Archive for the ‘Uncategorized’ Category
We have plenty of devices availabe to supplement our long-term memory: PDAs, computers, pen & paper. How about something to help with your short-term memory while you are continually interrupted? The Cook’s Collage, a research project at Georgia Tech, helps you through a recipe by photographing and displaying your last few steps. Test subjects (college students of course), were asked to make oatmeal raisin cookies while being interrupted by a group of people watching football or conversing about a doctoral thesis. They found the digital reminder very helpful when they tried to remember what point they were at in their task. We’d all like to keep our short-term memories sharp, and I’d like cooking to be an absorbing and relaxing task, but the realities of home life and entertaining may be well served with this helpful device.
As I’m still peeved about Caltrain’s two year shutdown of weekend train service, I thought I’d take a look at what the high speed rail plans are. Someone decided the project would be better marketed as the “baby bullet train” and indeed it was funded successfully. But I ran across an article about the critics of the “baby bullet”, not the project, but the name. It quotes two members of Caltrain’s citizens’ advisory committee who believe the name is too violent. One says “The Baby Bullet name is a loaded gun. We live in a world of violence right now — why have a bullet?” Another thinks the name sounds too much like a toy, and besides it’s not a bullet train, it’ll only go 79 mph. But Caltrain’s executive director thinks the name will continue to market well and plans to let it stick. I don’t think someone who considers the name “baby bullet” violent should be throwing terms around like “loaded gun.”

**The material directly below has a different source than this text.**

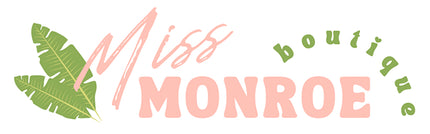 Miss Monroe Boutique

The NY Times headline is promising: “Prime Time Gets Real With a Plump Heroine.” As Sara Rue, star of the sitcom “Less Than Perfect” says “I consider myself normal. I get annoyed at the business when a size 0 actress is cast as the `every gal’ gal. It’s just not true.” The President of ABC Entertainment claims that they actually had trouble finding an actress larger than size 4 to play the role. There must be a lot of starving women and wealthy personal trainers in Hollywood.
Fleet Week is returning to San Francisco this year, run by the Air Show Network. It’s actually “Fleet Week San Francisco, Presented by AT&T;” but no one’s paying me to say that (actually, as an AT&T; Universal Card holder, AT&T; Broadband Internet customer, AT&T; Broadband Cable subscriber, and AT&T; Long Distance caller, I’m probably contributing some miniscule chunk of this sponsorship). The Blue Angels arrive on Thursday and the ships will include the Sea Slice, “the experimental Small Waterplane Area Twin Hull (SWATH) ship.” It appears that tickets need to be ordered in advance for ship tours (last time we just waited in a big line), so some advance planning is necessary.
After I learn new words they tend to pop up frequently, making me wonder if I’ve been overlooking them in ignorance or if they are clustering in popularity. In July I wrote about my discovery of the words tellurian and orrery. This week they appeared in Burke and Wells’ chronicles of Paris. The two stumbled across The Galerie J.Kugel‘s exhibit of fifty celestial globes and spheres. And all these beautiful mechanical devices are for sale, but I probably don’t want to know the prices. I’ll just enjoy the photos.
Neiman-Marcus’ Christmas book is out. Commission an action figure of yourself, or a cameo brooch. Or both.
MIT Media Lab researchers have created a new type of ID tag which is tamper-resistant and difficult to forge. The little tokens are composed of plastic embedded with hundreds of tiny glass spheres. The patterns created when a laser shines through are the key to the uniqueness of these devices. The patterns are captured by a digital camera and converted into a binary number. Recreating the spheres that results in that number is difficult and the uniqueness of the tokens comes from comparing patterns created by shining the lasers at specific angles. They are working on making the system practical, creating readers and viable applications. (via Wired News)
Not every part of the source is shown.